### Records supplied
##############################
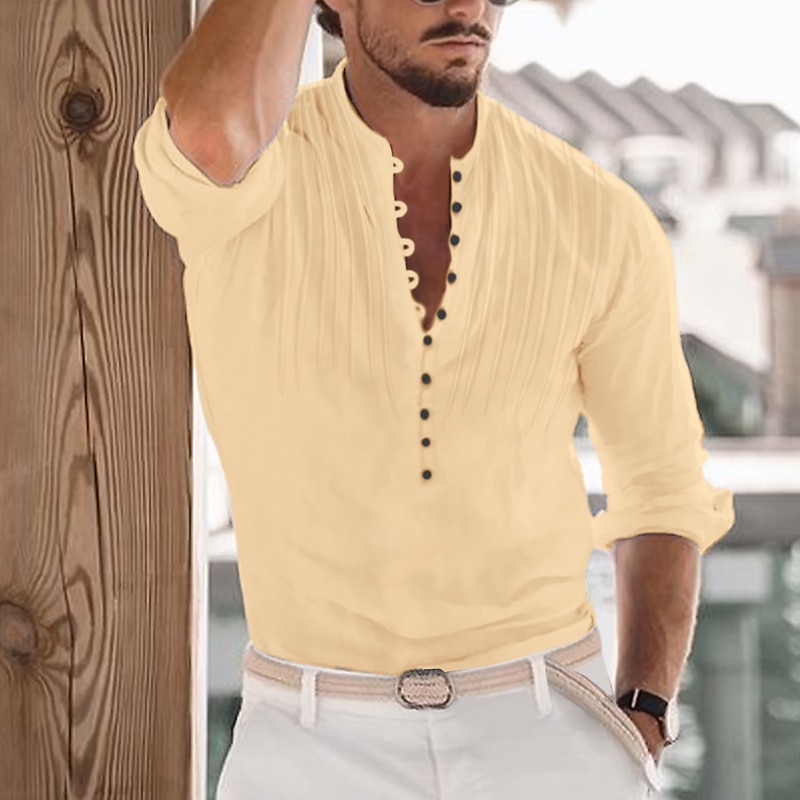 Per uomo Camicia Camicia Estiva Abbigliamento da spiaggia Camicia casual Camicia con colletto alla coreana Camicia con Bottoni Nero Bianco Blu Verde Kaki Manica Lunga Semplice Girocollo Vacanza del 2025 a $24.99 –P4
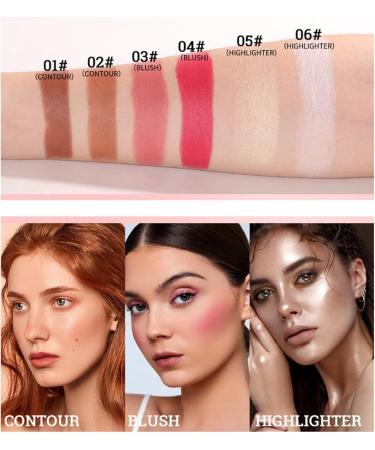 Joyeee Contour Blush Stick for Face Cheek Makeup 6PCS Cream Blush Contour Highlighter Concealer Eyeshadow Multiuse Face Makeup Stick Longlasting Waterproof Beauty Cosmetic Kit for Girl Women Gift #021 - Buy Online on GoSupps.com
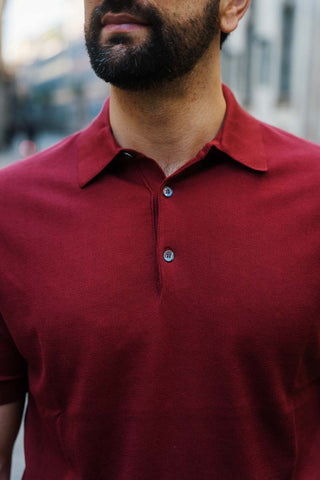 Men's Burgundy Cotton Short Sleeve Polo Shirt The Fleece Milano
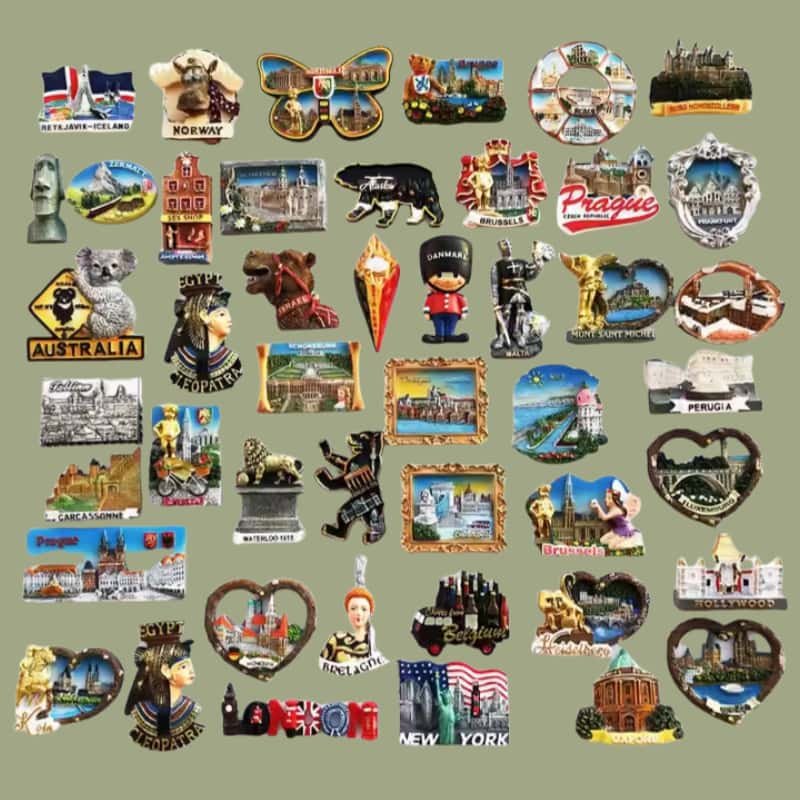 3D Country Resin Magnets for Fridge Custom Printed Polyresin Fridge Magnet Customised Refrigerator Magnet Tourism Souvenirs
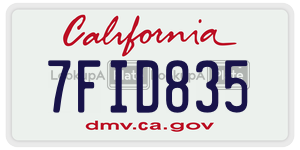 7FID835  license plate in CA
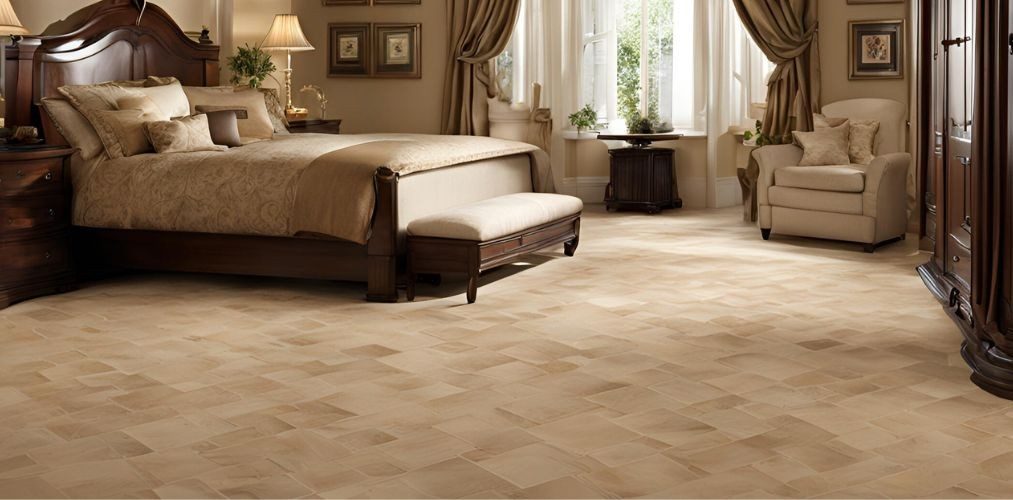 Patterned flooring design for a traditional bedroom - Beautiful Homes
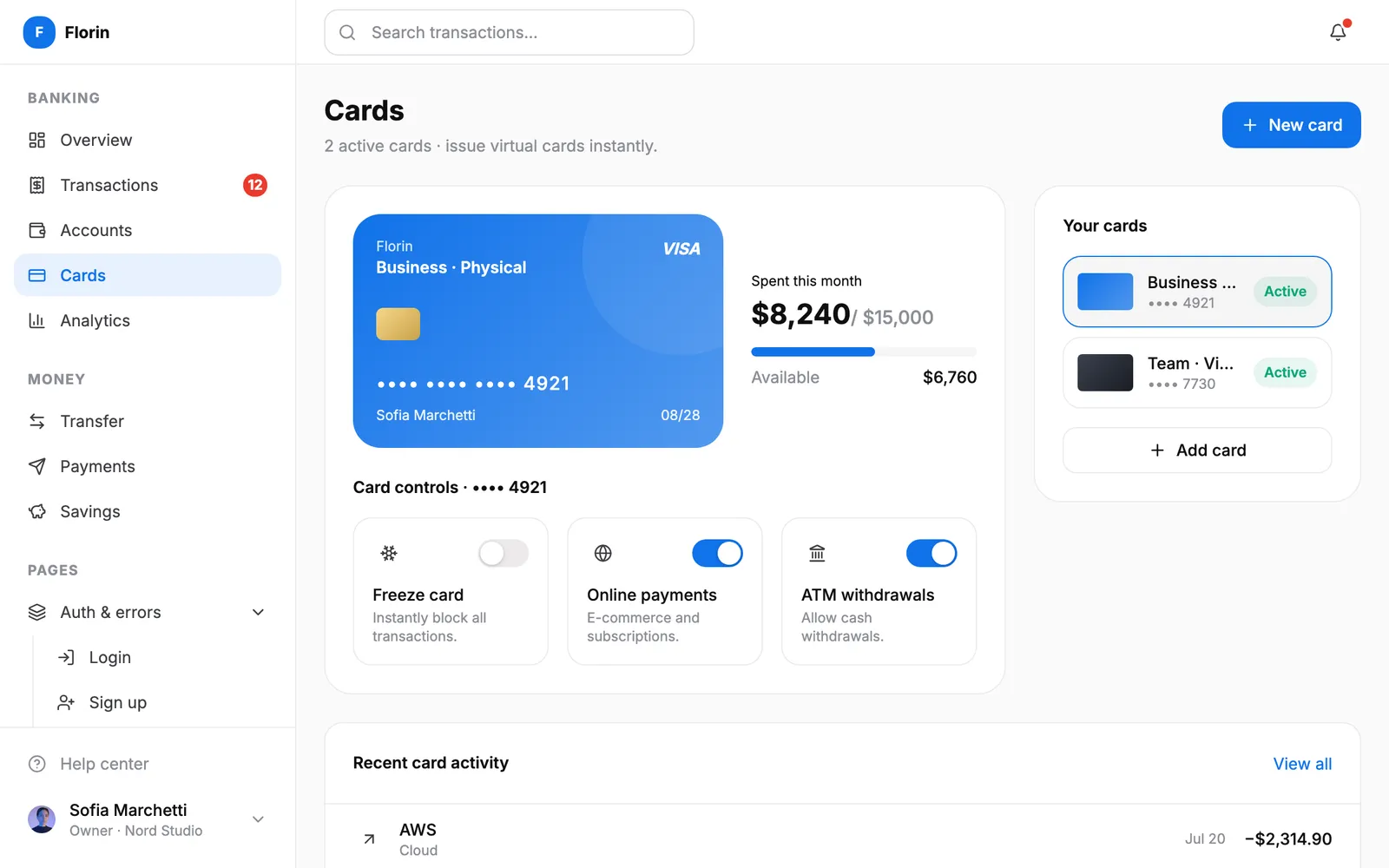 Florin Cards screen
##############################
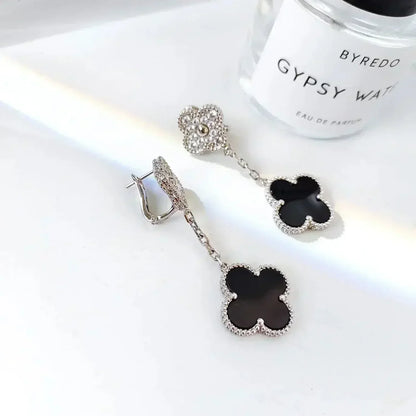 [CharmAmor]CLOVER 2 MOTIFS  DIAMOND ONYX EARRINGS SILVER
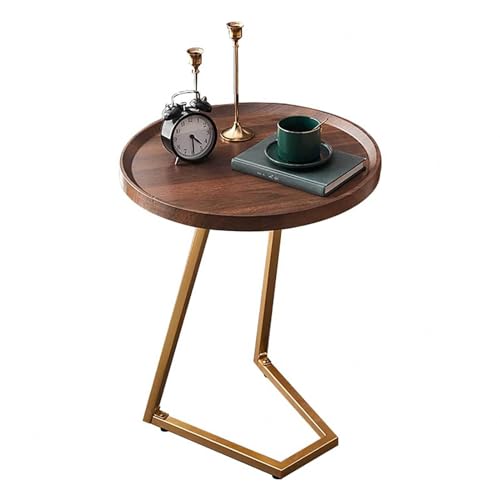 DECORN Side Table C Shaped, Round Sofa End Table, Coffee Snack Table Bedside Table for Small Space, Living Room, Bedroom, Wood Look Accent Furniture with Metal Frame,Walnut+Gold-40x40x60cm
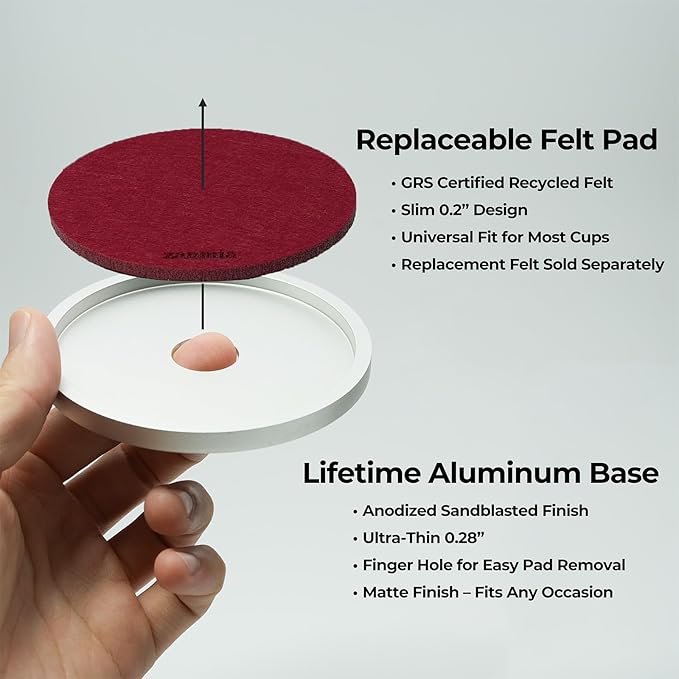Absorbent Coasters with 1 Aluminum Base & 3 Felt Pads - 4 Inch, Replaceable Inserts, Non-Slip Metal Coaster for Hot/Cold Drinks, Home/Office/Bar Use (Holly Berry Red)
##############################
### What is being asked
Leave the pictures out, and transcribe exactly the lines above starting at the one that contains "Patterned flooring design" and ending at the one that contains "Florin Cards screen".

### Output below
 Patterned flooring design for a traditional bedroom - Beautiful Homes
 Florin Cards screen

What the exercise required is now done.